_Problem to work on_.
Some lines in the material below hold the word "silver". Copy all of them.

_Dataset content_.
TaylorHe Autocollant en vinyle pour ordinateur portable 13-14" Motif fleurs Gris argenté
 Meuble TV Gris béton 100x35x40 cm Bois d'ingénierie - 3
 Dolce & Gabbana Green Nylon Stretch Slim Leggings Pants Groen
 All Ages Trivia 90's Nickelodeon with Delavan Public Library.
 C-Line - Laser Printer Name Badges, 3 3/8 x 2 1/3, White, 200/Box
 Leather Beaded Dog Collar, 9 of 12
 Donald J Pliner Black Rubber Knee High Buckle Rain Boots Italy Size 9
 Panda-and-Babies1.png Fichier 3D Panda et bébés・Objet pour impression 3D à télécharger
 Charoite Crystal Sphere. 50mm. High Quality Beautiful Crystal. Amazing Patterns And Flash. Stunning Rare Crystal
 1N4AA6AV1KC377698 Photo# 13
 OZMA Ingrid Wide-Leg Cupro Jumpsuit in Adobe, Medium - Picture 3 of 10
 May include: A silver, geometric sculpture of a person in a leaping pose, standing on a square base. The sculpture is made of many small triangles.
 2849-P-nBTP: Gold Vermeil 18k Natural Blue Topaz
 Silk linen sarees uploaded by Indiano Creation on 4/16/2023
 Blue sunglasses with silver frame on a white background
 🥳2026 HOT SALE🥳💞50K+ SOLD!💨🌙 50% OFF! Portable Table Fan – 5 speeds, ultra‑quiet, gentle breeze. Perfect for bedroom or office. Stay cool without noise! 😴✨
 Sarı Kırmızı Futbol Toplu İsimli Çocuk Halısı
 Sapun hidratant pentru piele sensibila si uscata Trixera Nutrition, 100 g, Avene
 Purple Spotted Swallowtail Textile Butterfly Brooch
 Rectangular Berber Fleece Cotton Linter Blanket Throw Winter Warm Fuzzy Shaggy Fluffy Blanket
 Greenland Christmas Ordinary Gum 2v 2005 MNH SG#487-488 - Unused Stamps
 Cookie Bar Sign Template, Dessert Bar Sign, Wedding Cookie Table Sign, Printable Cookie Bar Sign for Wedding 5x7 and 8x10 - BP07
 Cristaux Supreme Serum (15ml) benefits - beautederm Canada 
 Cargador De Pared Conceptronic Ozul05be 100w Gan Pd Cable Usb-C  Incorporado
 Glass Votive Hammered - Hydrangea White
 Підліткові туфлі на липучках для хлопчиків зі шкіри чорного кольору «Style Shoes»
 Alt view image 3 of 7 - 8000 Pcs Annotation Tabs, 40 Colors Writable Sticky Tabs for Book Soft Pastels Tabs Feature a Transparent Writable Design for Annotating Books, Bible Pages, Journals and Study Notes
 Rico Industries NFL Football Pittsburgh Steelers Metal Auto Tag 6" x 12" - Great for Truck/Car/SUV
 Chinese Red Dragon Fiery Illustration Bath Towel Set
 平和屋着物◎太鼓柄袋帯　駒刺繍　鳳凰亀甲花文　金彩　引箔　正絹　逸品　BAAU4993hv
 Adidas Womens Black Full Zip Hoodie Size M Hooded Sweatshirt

_Finished exercise_.
 May include: A silver, geometric sculpture of a person in a leaping pose, standing on a square base. The sculpture is made of many small triangles.
 Blue sunglasses with silver frame on a white background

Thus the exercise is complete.